-- Opening Marker --

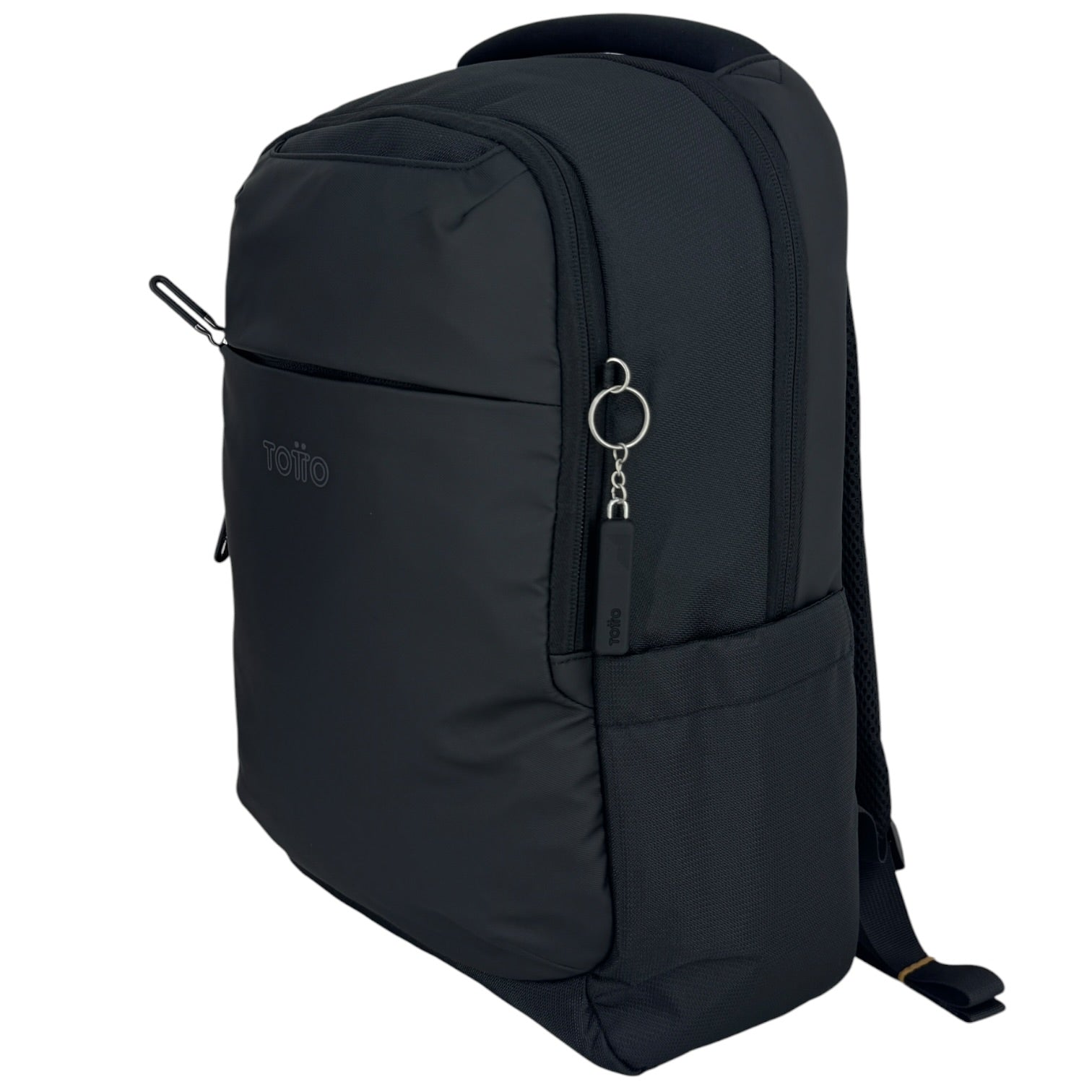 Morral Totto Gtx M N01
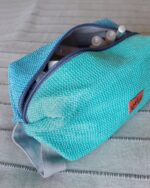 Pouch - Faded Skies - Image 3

-- Closing Marker --
-- Opening Marker --

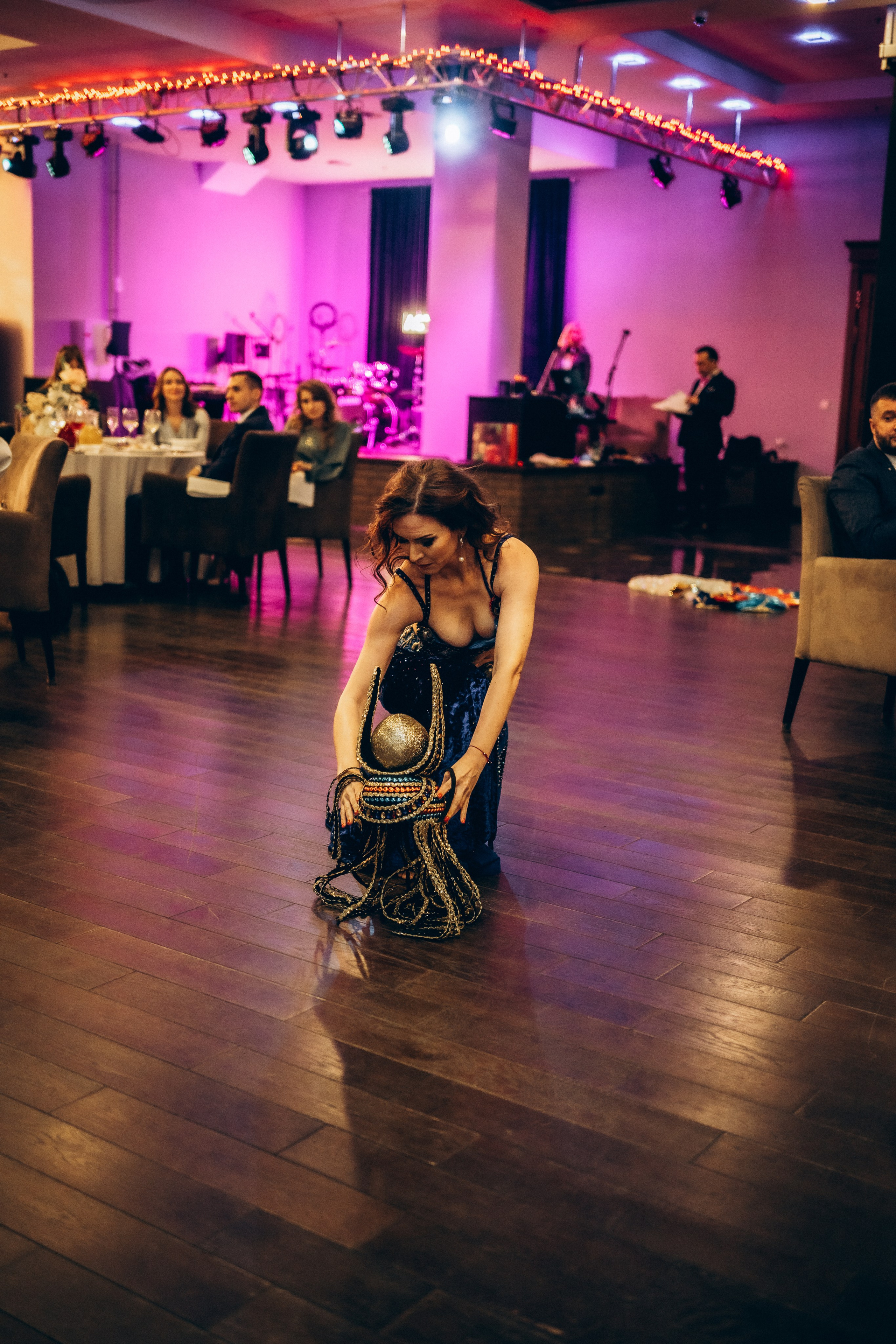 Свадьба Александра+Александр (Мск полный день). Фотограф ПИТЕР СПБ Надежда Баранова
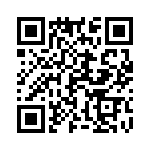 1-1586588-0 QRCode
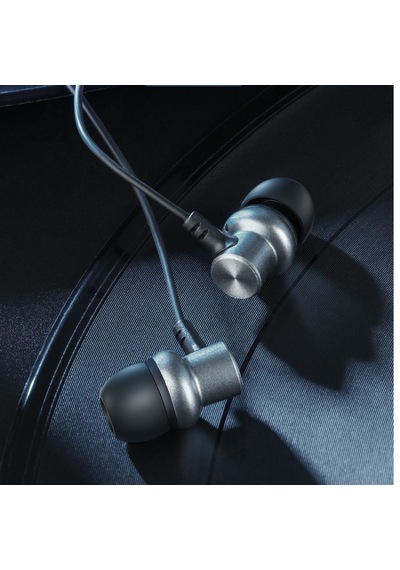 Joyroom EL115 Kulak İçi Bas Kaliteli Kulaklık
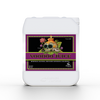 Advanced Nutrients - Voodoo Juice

-- Closing Marker --

Pictures excluded, give again exactly and only the lines of the material above from the line with "Свадьба Александра+Александр (Мск" through the line with "Advanced Nutrients - Voodoo Juice".

 Свадьба Александра+Александр (Мск полный день). Фотограф ПИТЕР СПБ Надежда Баранова
 1-1586588-0 QRCode
 Joyroom EL115 Kulak İçi Bas Kaliteli Kulaklık
 Advanced Nutrients - Voodoo Juice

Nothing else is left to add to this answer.